On 4 April 1991, Glenn Hoddle (pictured second from the right) was appointed player-manager of Division Two side Swindon Town F.C. A former star midfielder for Tottenham Hotspur, where he had made 377 appearances (88 goals) between 1975-87, Hoddle was a skillful and creative player.
Prior to his term with Swindon, he had just finished a successful four-year term at AS Monaco in France playing under Arsene Wenger. (He spent a month with Chelsea in the interim, but made no senior appearances for the Blues before taking the post with the Robins).
Swindon Town was Hoddle's first managerial appointment. At the time he took charge, the Robins were 17th in the Division 2 table and in danger of relegation. Hoddle kept them up, but just barely, taking only 7 points of the 24 available during the remainder of the season and finishing in 21st place, only two points above the drop zone.
Under Hoddle, the Robins finished in 8th place the following season. The improvement continued in the 1992-93 season, when Swindon reached the playoffs and earned promotion to England's top flight, the recently-established Premier League.
Hoddle went on to manage Chelsea from 1993-96 (as player-manager from 1993-95, and solely as manager in 1996), then England from 1996-99. His tenure with English national team was controversial, despite qualifying for the 1998 World Cup, where England lost to Argentina on penalties in the second round in a match famous for David Beckham being sent off in the 47th minute.
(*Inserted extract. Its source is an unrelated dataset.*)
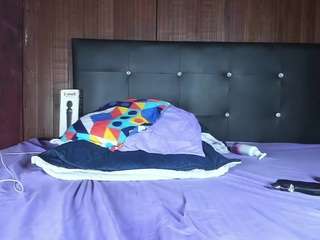 sapphire-gold webcam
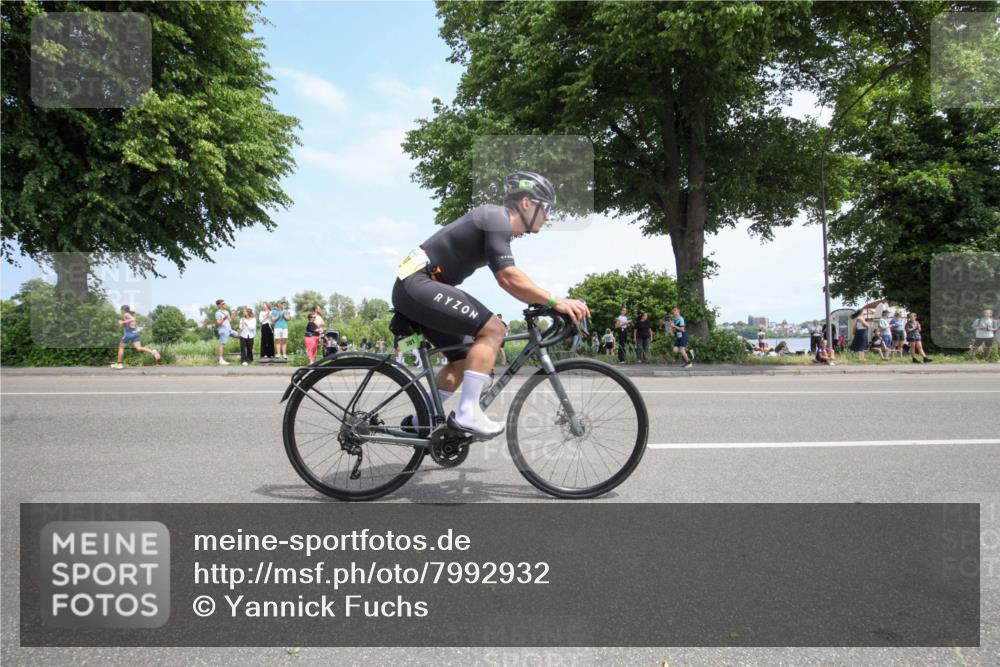 15.06.2025 - 7 Türme Triathlon Yannick Fuchs http://msf.ph/oto/7992932 15.06.2025 13:29:53 Radfahren 248, 302, 701, 818, 1149 meine-sportfotos.de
Hoddle was dimissed from the English side in 1999 after giving an interview with the Times in which he suggested that physical disabilities were the result of bad karma "from another lifetime."
Hoddle returned to management with Southampton (2001-01), Tottenham Hotspur (2001-03), and Wolverhampton Wanderers (2004-06), but has since retired from management.
In 2008, he established the Glenn Hoddle Academy in Jerez, Spain to aid former Premier League and Football League Championship players in their efforts to return to professional football.